Habilmente conduzido por Teolinda Gersão, o fio narrativo com avanços e recuos e repartido entre as personagens principais, torna a leitura fluída e saborosa. Moçambique surge como pano de fundo e, simultaneamente, como personagem principal, assumindo-se como a homenagem que a autora pretendeu realizar às dádivas de África recebidas.

"O dia não quebrava os sonhos, podia-se dormir de olhos abertos, e a vida era gozosa e fácil como o jogo e o sonho. Podiam-se abrir os braços e gritar: Eu vivo - mas não era necessário esse gesto exultante e excessivo, as coisas eram tão próximas e simples que quase não se reparava nelas. Saía-se por exemplo a porta da cozinha sem se dar conta de transpor um limiar. Não havia separação entre os espaços, nem intervalos a separar os dias. Porque o corpo ligava a terra ao céu".

Classificação: 4,5/5*

Este livro foi autografado pela autora na sua vinda à Biblioteca Municipal de Beja - José Saramago a 8 de Janeiro de 2016.

Sobre a autora: 
Teolinda Gersão nasceu em Coimbra, estudou Germanística, Romanística e Anglística nas Universidades de Coimbra, Tübingen e Berlim, foi Leitora de Português na Universidade Técnica de Berlim, assistente na Faculdade de Letras de Lisboa e depois de provas académicas professora catedrática da Universidade Nova de Lisboa, onde ensinou Literatura Alemã e Literatura Comparada. A partir de 1995 passou a dedicar-se exclusivamente à literatura.

Além da permanência de três anos na Alemanha viveu dois anos em São Paulo, Brasil, e conheceu Moçambique, onde decorre o romance de 1997 A Árvore das Palavras.
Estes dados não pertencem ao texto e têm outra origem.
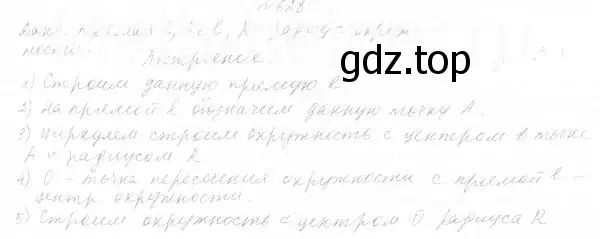 Решение 4. номер 710 (страница 175) гдз по геометрии 7 класс Мерзляк, Полонский, учебник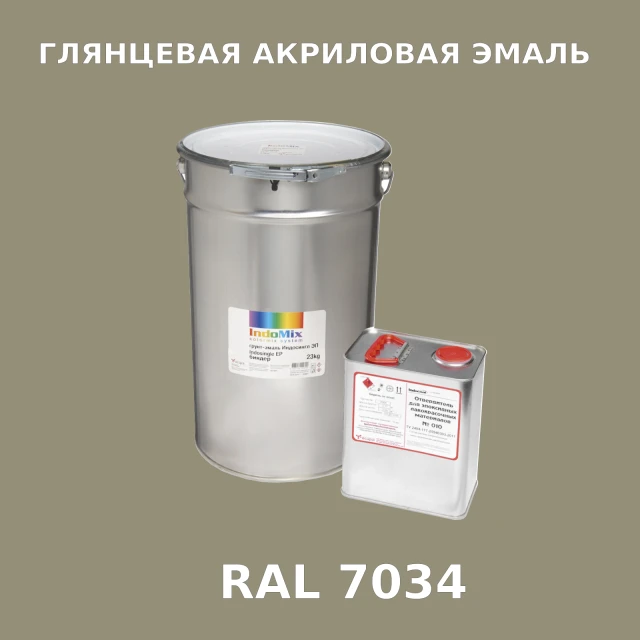 Высокоглянцевая акриловая эмаль ИНДОПУР, цвет RAL 7034, в комплекте с отвердителем, 1кг + 0,25л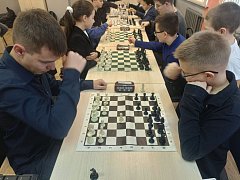 Состоялся муниципальный турнир «Шахматная звезда»
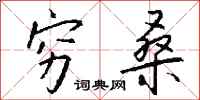 钱沛云穷桑行书怎么写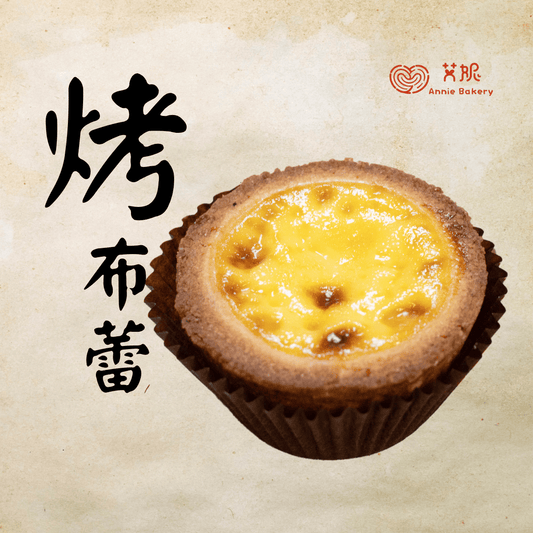 烤布蕾 每盒6入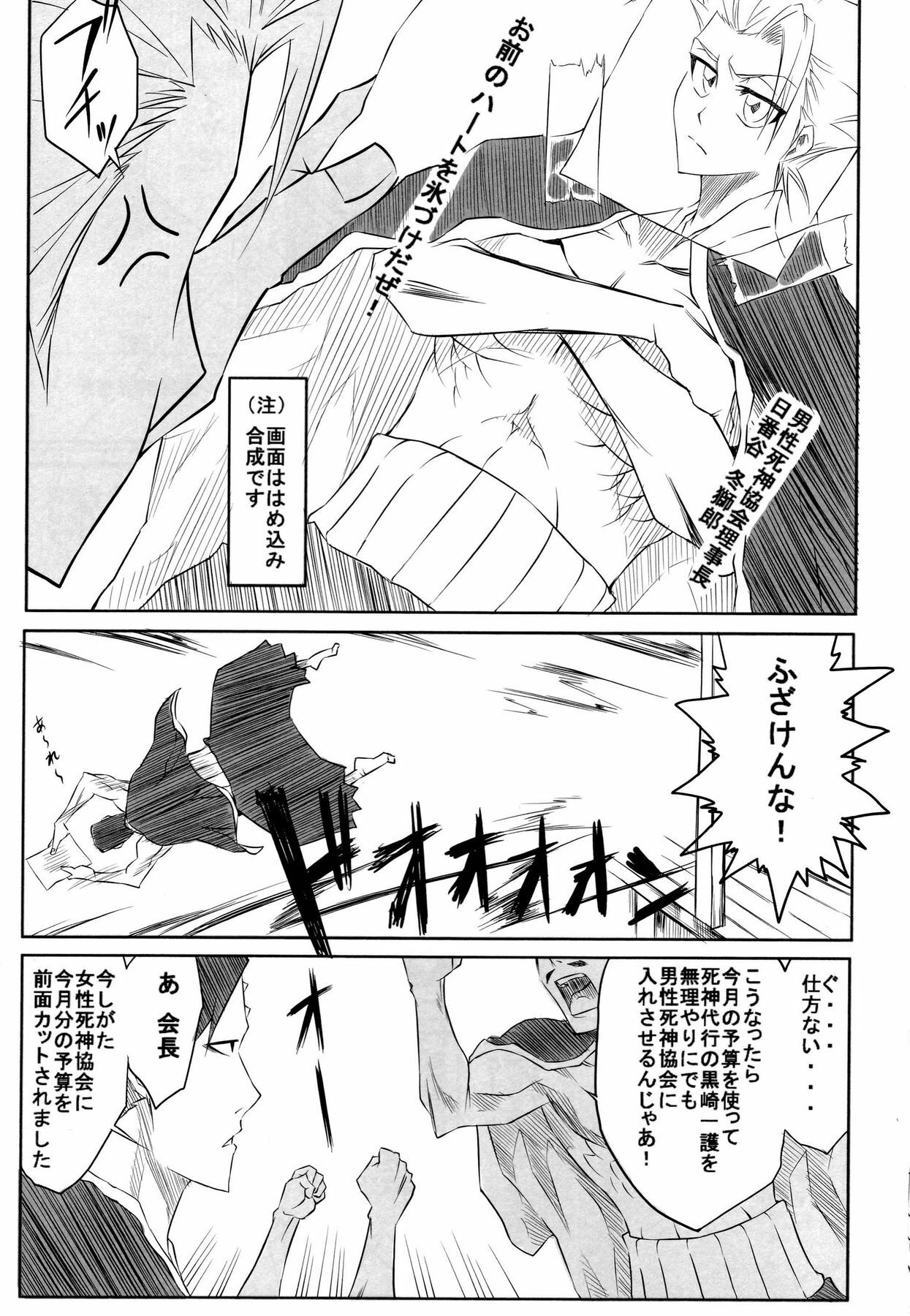 (ComiComi12) [Heta No Yoko Zuki (Dunga)] Nel (Bleach) page 23 full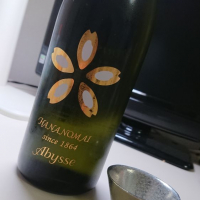 花の舞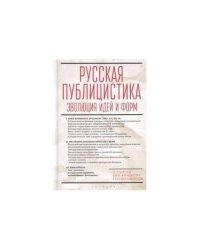 Русская публицистика:эволюция идей и форм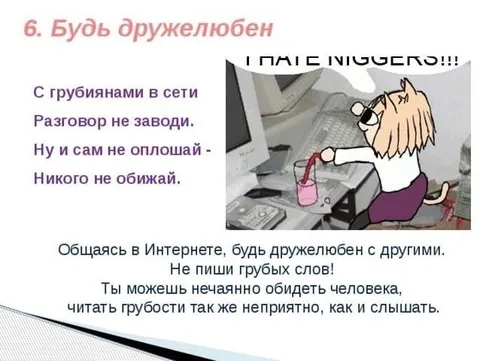 Будь дружелюбен в интернете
Autora sobretudo de romances, publicou até agora duas novelas (Os Teclados e Os Anjos) e duas colectâneas de contos (Histórias de Ver e Andar e A Mulher que prendeu a Chuva).Três dos seus livros foram adaptados ao teatro e encenados em Portugal, Alemanha e Roménia: Os Teclados por Jorge Listopad no Centro Cultural da Belém, 2001; Os Anjos por por João Brites e o grupo O Bando, 2003; A Casa da Cabeça de Cavalo ganhou o Grande Prémio do Festival Internacional de Teatro de Bucareste, Roménia, em 2005, com encenação de Eusebiu Stefanescu. Encenada também na Alemanha por Beatriz de Medeiros Silva e o grupo Os Quasilusos, em 2005.

Foi escritora-residente na Universidade de Berkeley em 2004.

O seu livro mais recente é o romance Passagens (2014).